8. A cellular phone having a voice synthesizer as recited in claim 6 .
9. A voice synthesizer according to claim 6 , wherein the speech style further includes foreign languages; and
the voice synthesizing part selects a stereotypical sentence in said foreign languages, which is different from the language of the voice-contents, when the foreign language is selected as the speech style.
10. A voice synthesizer according to claim 6 , wherein the memory further stores information of the stereotypical sentences each of which associated to the corresponds prosody data.
11. A voice synthesizer according to claim 6 , wherein the voice synthesizing part determines a word to be inserted in a replaceable part in the stereotypical sentences and calculates a prosody data of the word, and synthesizes the voice signal by inserting the prosody data of the input word to the replaceable part in the stereotypical sentences.

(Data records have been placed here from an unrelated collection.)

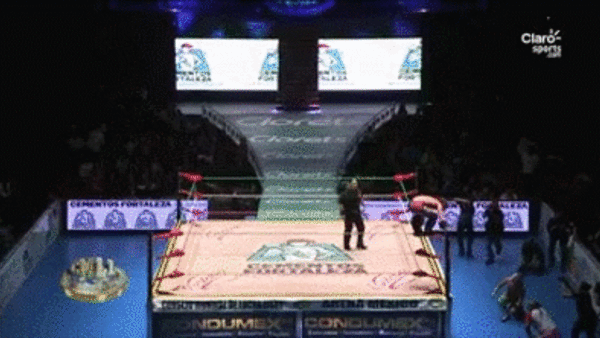 Forearm slugfest Nakamura Zayn NXT TakOver Dallas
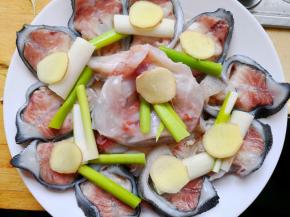 8.	上面摆放好葱段和姜片，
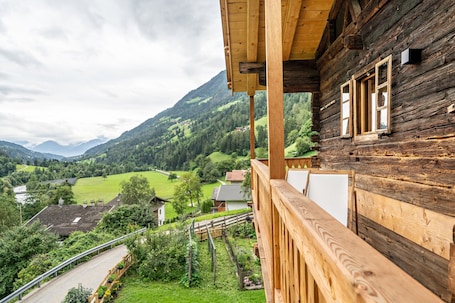 施設の敷地. Chalet "Lanthalerhof" with Mountain View, Balcony & Wi-Fi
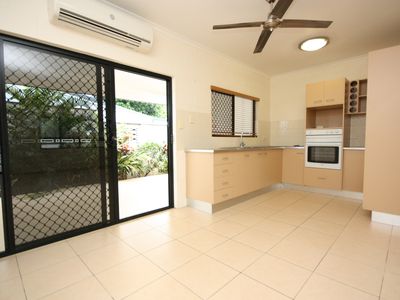 1 / 11 Olive Street, Manoora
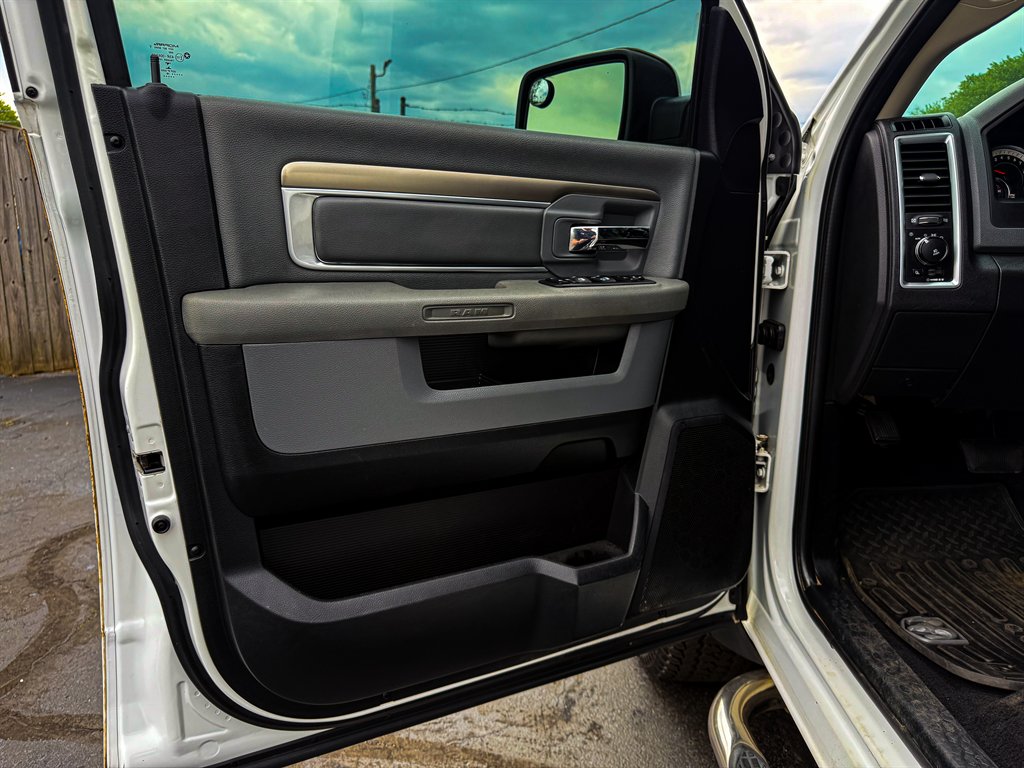 2016 RAM 1500 SLT photo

12. A prosody-data distributing method comprising steps of:
receiving an input specifying a speech style;
preparing a speech style dictionary that corresponds to the specified speech style which includes prosody data of a plurality of stereotypical sentences each of which corresponds to a predetermined voice contents and is in the same language as the voice-contents; and
supplying said speech style dictionary to a server provided in a communication network or a terminal device connected via said server;
so that the server and the terminal device can perform voice synthesis of the stereotypical sentence, when an input of specifying voice-content and speech style is input, using the supplied speech style dictionary.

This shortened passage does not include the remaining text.